Cold saline was injected again into the left ventricular cavity to check for a competent left atrioventricular valve and to identify any additional leaking commissures. Following repair of the left atrioventricular valve, we ensured that the left atrioventricular valve opening commensurate with the indexed mitral valve orifice, thus avoiding iatrogenic mitral stenosis.
The left atrioventricular valve was then “sandwiched” between the top of the ventricular septal patch and a second patch of pericardium to be used to close the atrial level defect.

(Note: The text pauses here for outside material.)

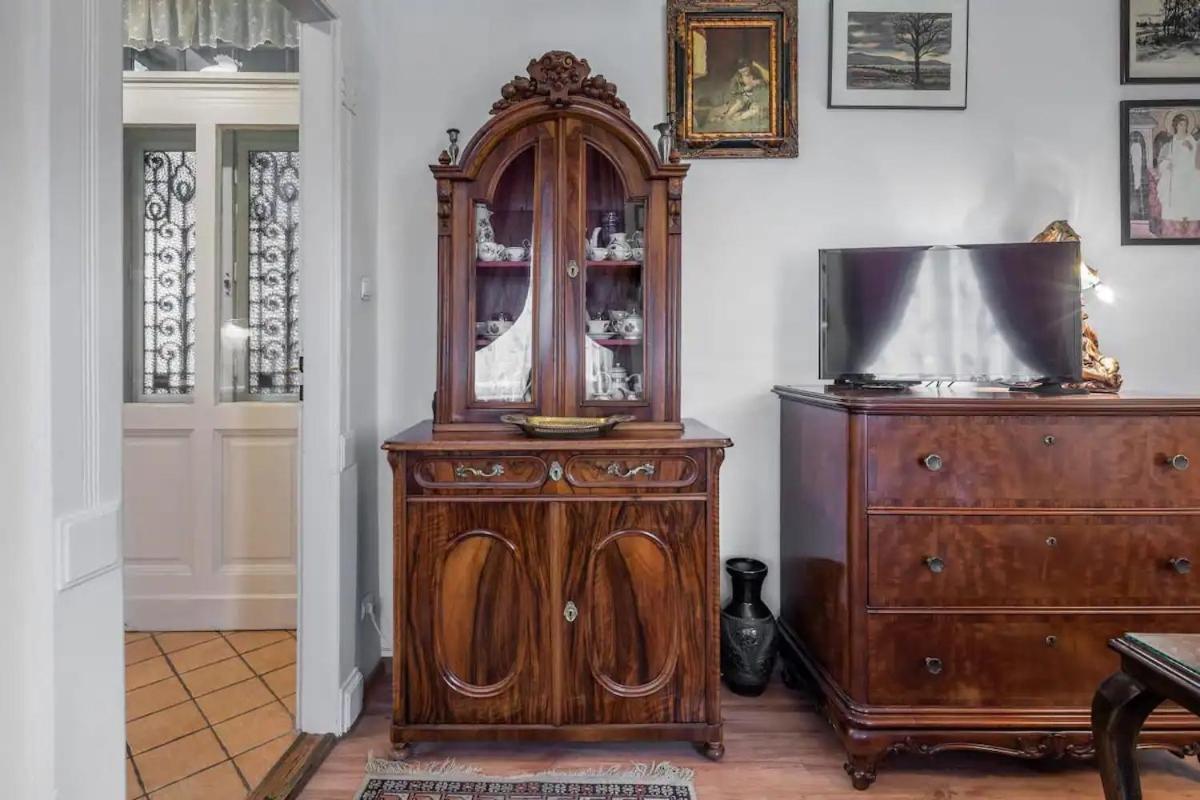 Central Market Apartment Budapest Bagian luar foto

Throughout the operation, interrupted mattress sutures were used. Precautions were taken at both superior and inferior portion of the defect to make certain that the ventricular septal patch was brought into the corner of the superior and inferior bridging leaflets and then along its border so as not have any residual defects.
The pericardial patch was sutured to the edge of the ostium primum defect with the exception of the area of bundle of His, where the sutures were displaced towards the superior edge of the coronary sinus, thus diverting the coronary sinus to the left side. Before completing the suture line, the left side of the heart was filled with iced saline and gentle ventilation to evacuate residual air, if any.
Cold saline was injected into the right ventricle to ensure competence of the right atrioventricular valve. The right atrium was closed in two layers using 5-0 polypropylene suture. The patient was weaned off cardiopulmonary bypass with stable hemodynamics.
The postoperative peak systolic right ventricle-to-left ventricle pressure ratio was 0.5. Intraoperative transesophageal echocardiography did not demonstrate any residual ventricular septal defect. There was no left or right atrioventricular valvular regurgitation.
Postoperatively, the child was in normal sinus rhythm and recovery was uneventful. At 16th month follow-up the child was asymptomatic, no clinical evidence of cardiac failure, with Ross’s clinical score of 2. Two-dimensional color flow Doppler echocardiography revealed normal biventricular function with minimal atrioventricular valvular regurgitation, intact atrial and ventricular septation with mild mitral and tricuspid regurgitation. The peak systolic right ventricular outflow tract gradient was 27 mmHg with minimal pulmonary regurgitation (Figures 1A-1G).
Surgical repair of severe right ventricular outflow tract obstruction with complete atrioventricular septal defect should be done in early childhood, before the onset of severe deformation of the atrioventricular valves. In cases of severe left atrioventricular valve regurgitation, the repair should be undertaken earlier to prevent further deterioration of valve function, left ventricular dilatation and function. Adequate resection of the right ventricular outflow tract without creating pulmonary regurgitation is of paramount importance in providing good long-term outcome.